- _Extracted information_:
════════════════════
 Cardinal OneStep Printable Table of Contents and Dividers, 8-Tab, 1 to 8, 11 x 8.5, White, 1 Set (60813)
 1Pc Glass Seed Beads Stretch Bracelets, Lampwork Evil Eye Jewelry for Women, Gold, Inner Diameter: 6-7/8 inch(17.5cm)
════════════════════
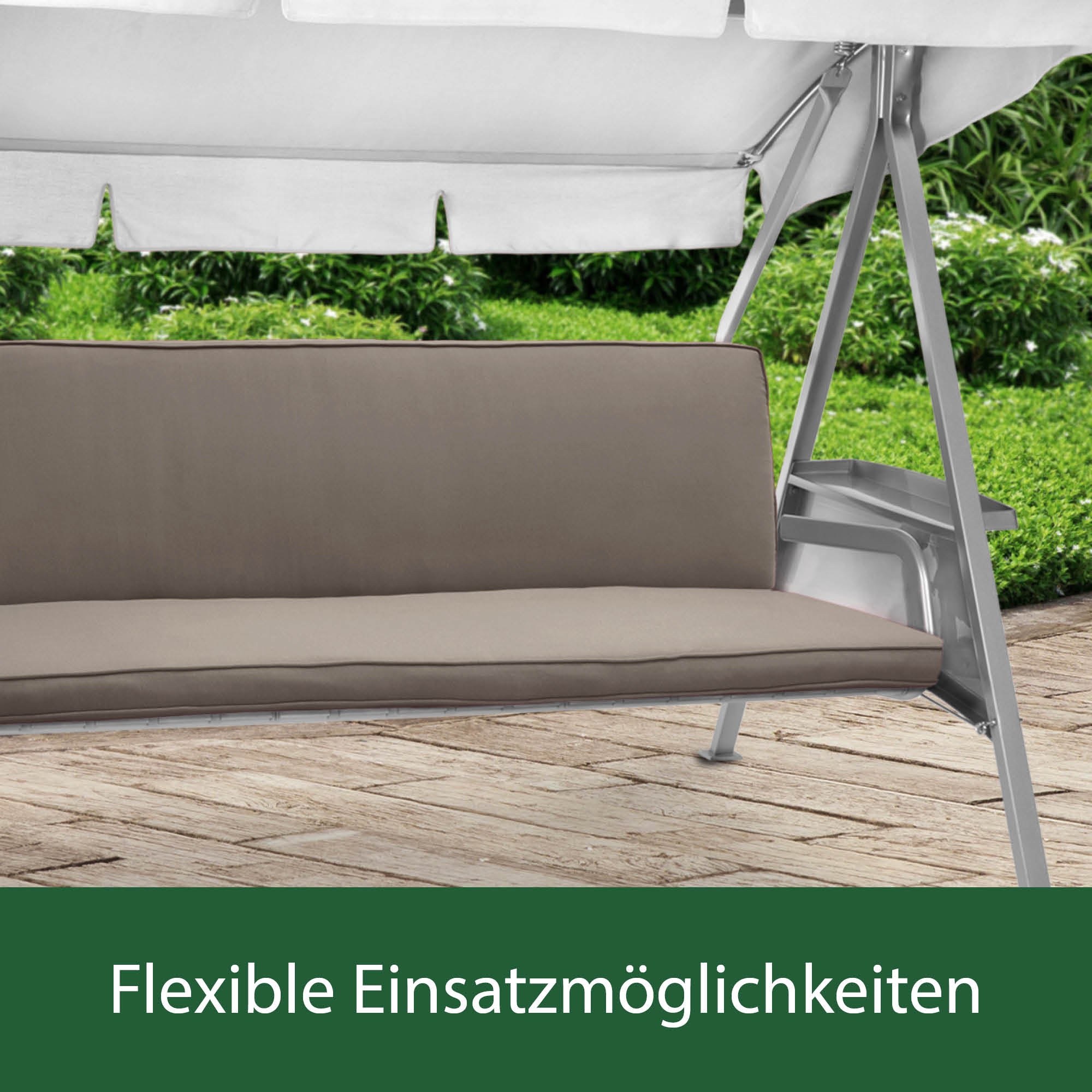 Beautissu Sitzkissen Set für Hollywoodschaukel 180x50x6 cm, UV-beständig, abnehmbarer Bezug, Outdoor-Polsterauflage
════════════════════
- _Task description_: What you return must be an exact retyping of the lines above starting at the line with "Cardinal OneStep Printable" and ending at the line with "1Pc Glass Seed", and nothing besides.

- _Solution_:
 Cardinal OneStep Printable Table of Contents and Dividers, 8-Tab, 1 to 8, 11 x 8.5, White, 1 Set (60813)
 1Pc Glass Seed Beads Stretch Bracelets, Lampwork Evil Eye Jewelry for Women, Gold, Inner Diameter: 6-7/8 inch(17.5cm)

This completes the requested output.